Over 30% of voting investors cast ballots against the firm’s remuneration report at its annual meeting on Tuesday.
Consternation centres on a 9.1% increase in base salary for boss Philip Bowcock, which will see him take home a total of £1.3 million.
It comes after Institutional Shareholder Services advised investors to vote against the remuneration report.
The result will see William Hill placed on a public register of firms in which over 20% of shareholders have revolted over a resolution.
William Hill said in a statement following the AGM: “The board understands that this opposition is attributable in large part to concerns regarding the salary increase awarded to Philip Bowcock, CEO, on his acceptance of that position permanently in March 2017.

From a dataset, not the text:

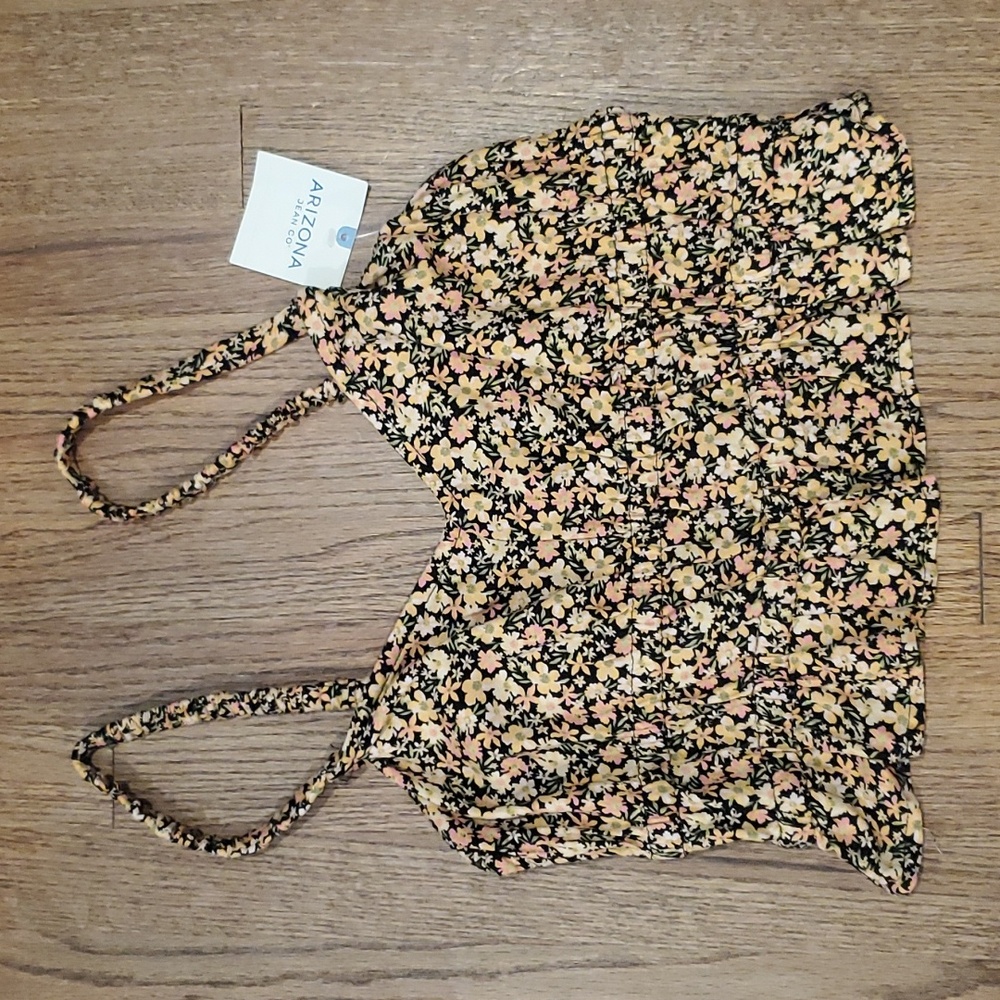 Nwt Womens Arizona Jean Co. CROP TOP Medium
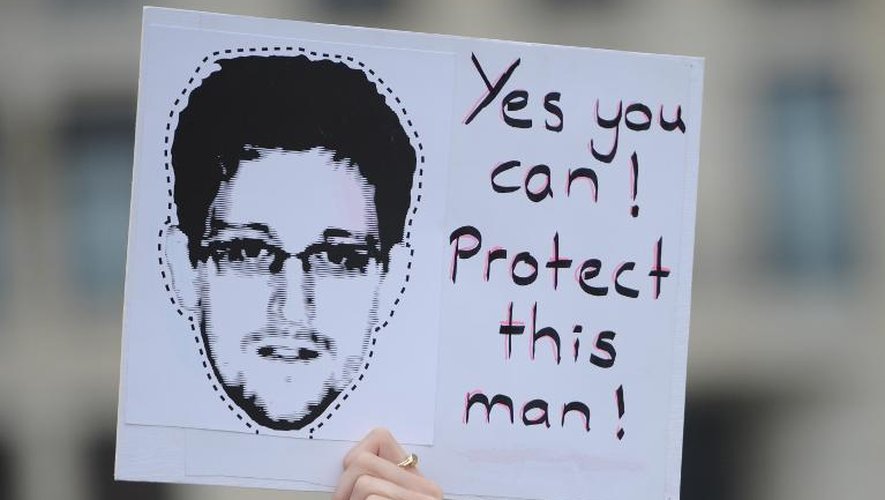 Un manifestant brandit une pancarte appelant à protéger Edward Snowden le 24 juillet 2013 à Berlin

“The board has considered those concerns carefully, and remains of the view that the processes followed and the decision taken in 2017 was appropriate and can be justified in the context of the key events and industry challenges of last year, many of which are ongoing.”
The bookmaker added that it remains committed to maintaining an “open dialogue” with shareholders.
Separately, William Hill announced first quarter figures in which it pointed to an “unprecedented” run of bookie-friendly results boosting its performance, as the firm also ditched its underperforming Australian business.
The group’s net revenue grew 3%, boosted by a 12% rise in online sales. Sportsbook and gaming revenues were up by 17% and 8% respectively in this part of the business.
However, retail sales dropped as weakness on the UK high street continued to drag on the business. Retail sales fell 4% in the quarter, with sportsbook revenue down by 9% and gaming sales flat.